A few minutes later, we’re in the car, and the drive uptown is quiet.
She sits beside me in the backseat, one hand resting over her stomach, the other at her temple now and then when the bruising starts to ache. I don’t touch her. I want to. I don’t.
The city passes in gray blocks and wet glass, the kind of morning where Manhattan looks expensive and tired at the same time. Traffic peels away as we move farther north, into streets lined with older buildings and harder money.

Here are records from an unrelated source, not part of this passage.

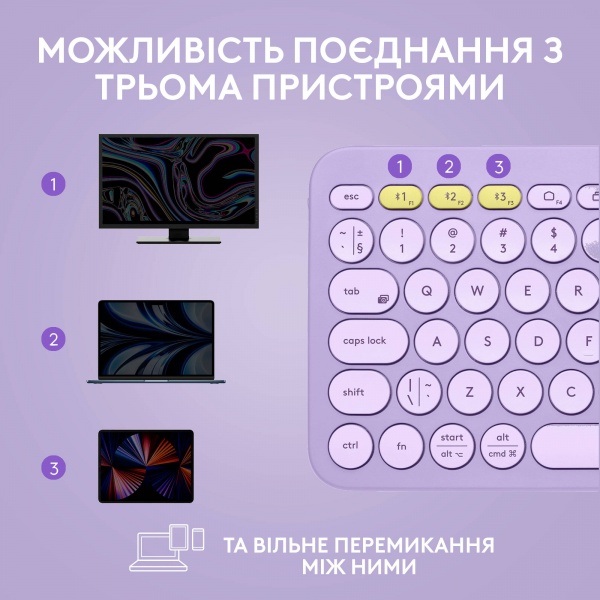 Клавиатура Logitech K380 Multi-Device Bluetooth Keyboard US (L920-011166) lavender lemonade 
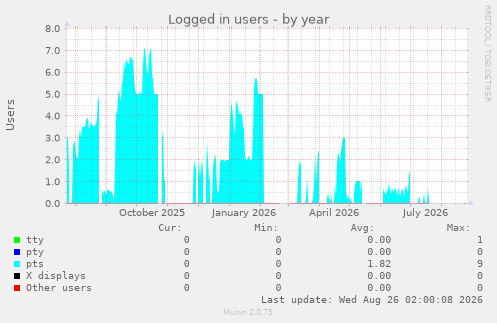 Logged in users
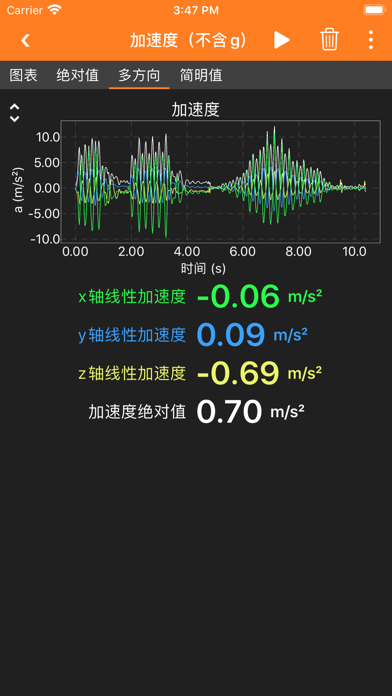 phyphox1.1.13中文版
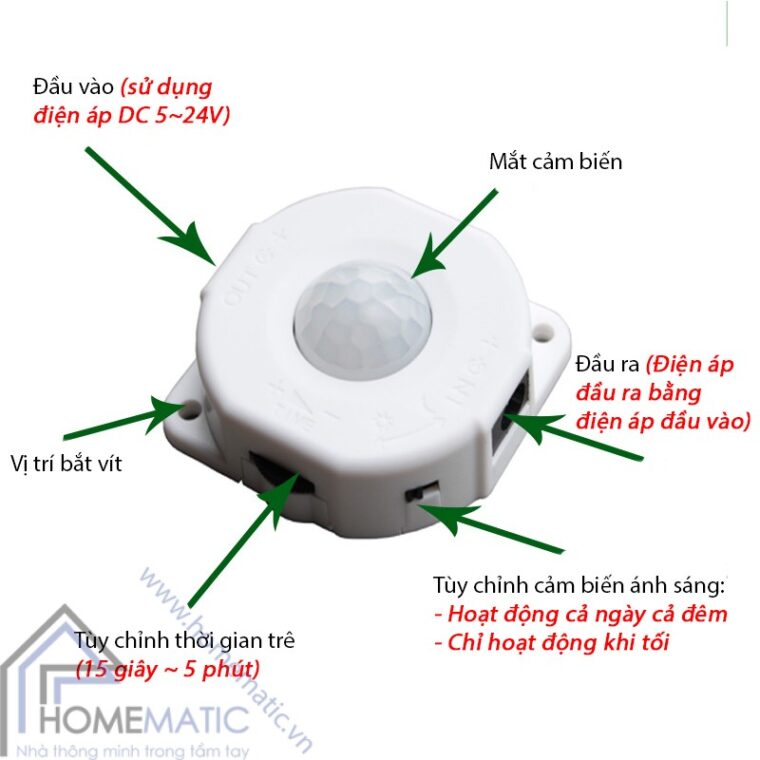 PIRS1 chi tiet san pham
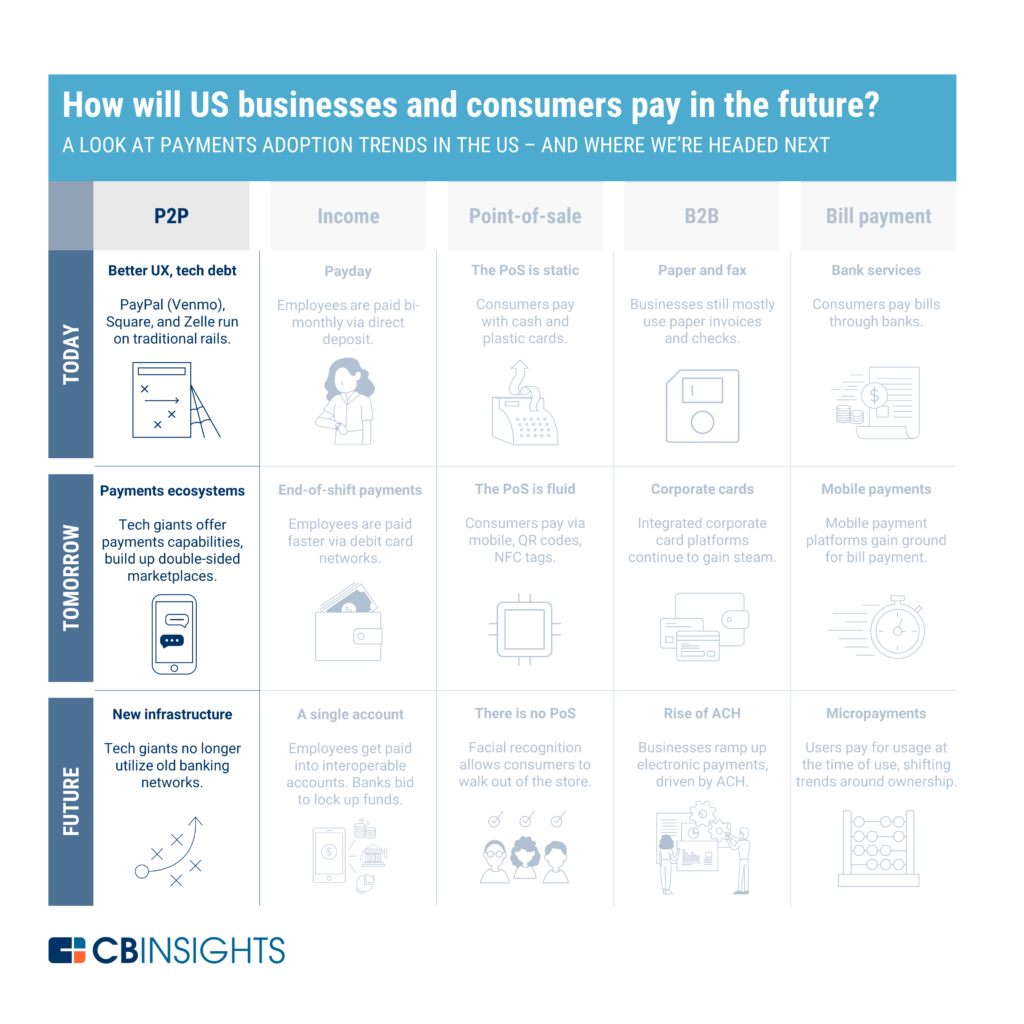 The Future of Payments How PeerToPeer Payments Could Bypass Banking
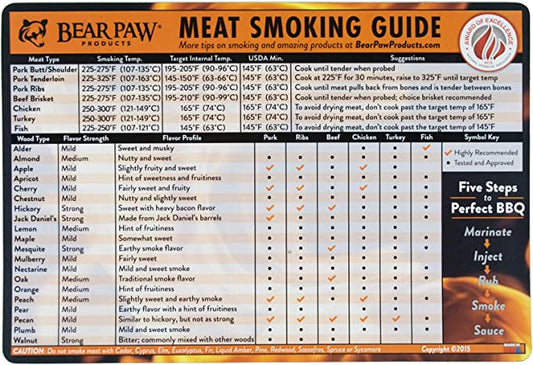 Bear Paws Meat Smoking Guide Magnet - Fire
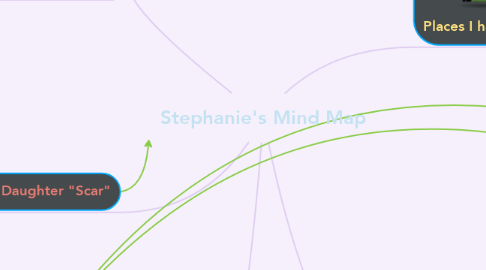 Mind Map: Stephanie's Mind Map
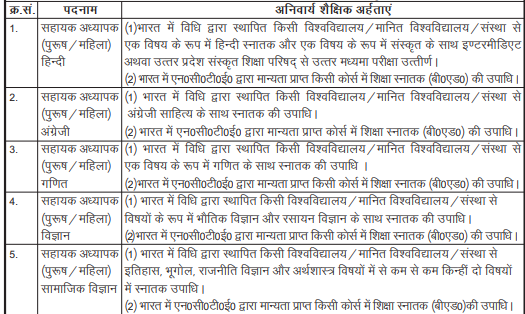 UPPSC Assistant Teacher Vacancy 2025: उत्तरप्रदेश लोक सेवा आयोग ने सहायक अध्यापक के पदों पर भर्ती हेतु जारी किया नोटिफिकेशन, 7466 पदों पर होगी भर्ती UPPSC Assistant Teacher Vacancy 2025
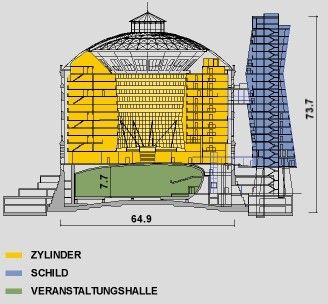 Querschnitt © WBV-GPA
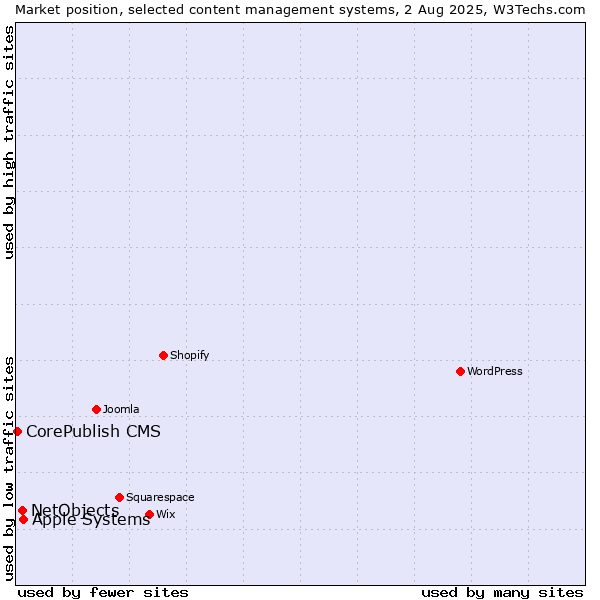 Market position of Apple Systems vs. NetObjects vs. CorePublish CMS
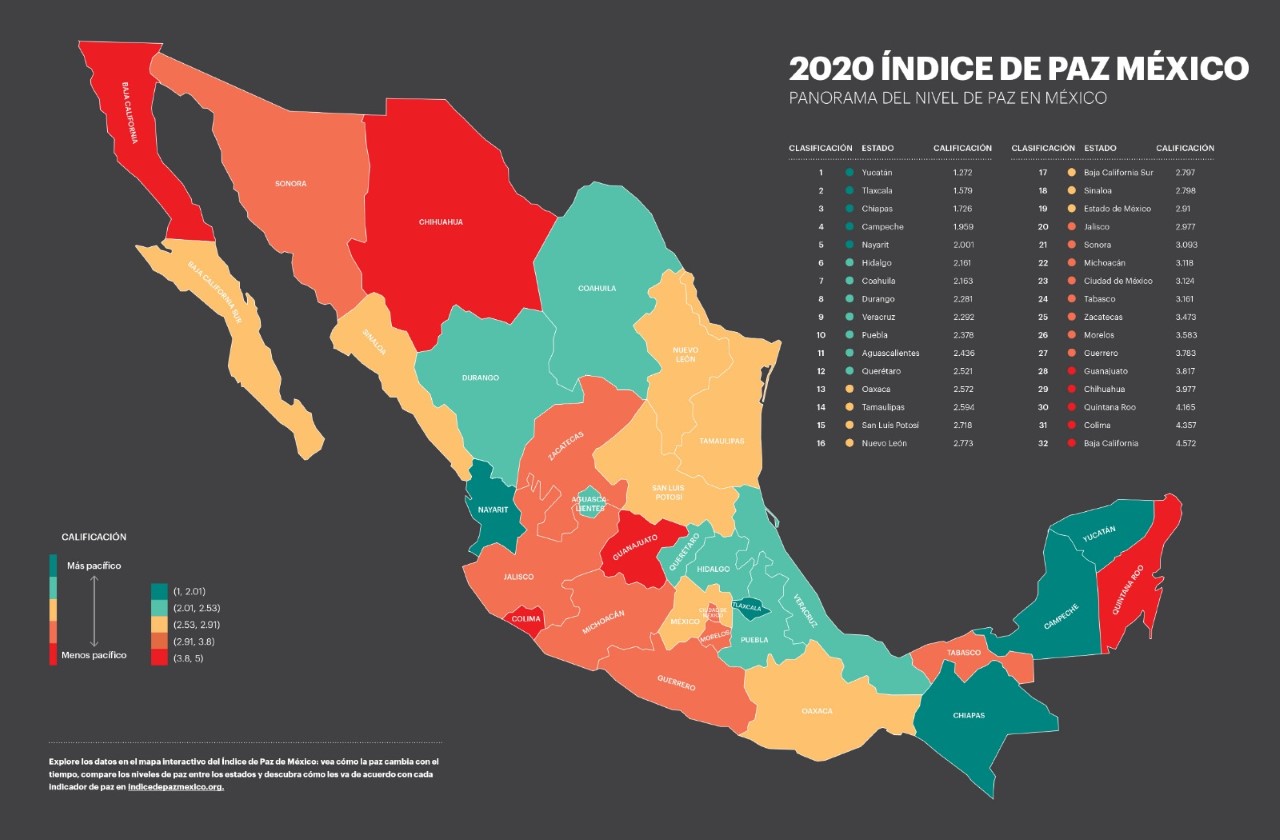 Avanza Tamaulipas 15 lugares en Índice de Paz: Institute for Economics and Peace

My childhood house sits in a place that is too large, too private, too controlled.
It takes up the whole corner lot, set back from the street behind black iron gates and a wall of trimmed hedges that keep curious people from seeing more than the upper windows. The stone façade is old, not showy in a new-money way. Heavy limestone, dark-framed windows, a carved doorway that looks more like the entrance to a private club than a home. Security cameras sit in the corners so discreetly most people never notice them.
She does.
The gates open before the car fully stops.
Inside, the front drive curves around a small courtyard fountain and ends under a covered stone portico. The house itself is quiet in that way large homes get when they are expensively maintained and not especially happy.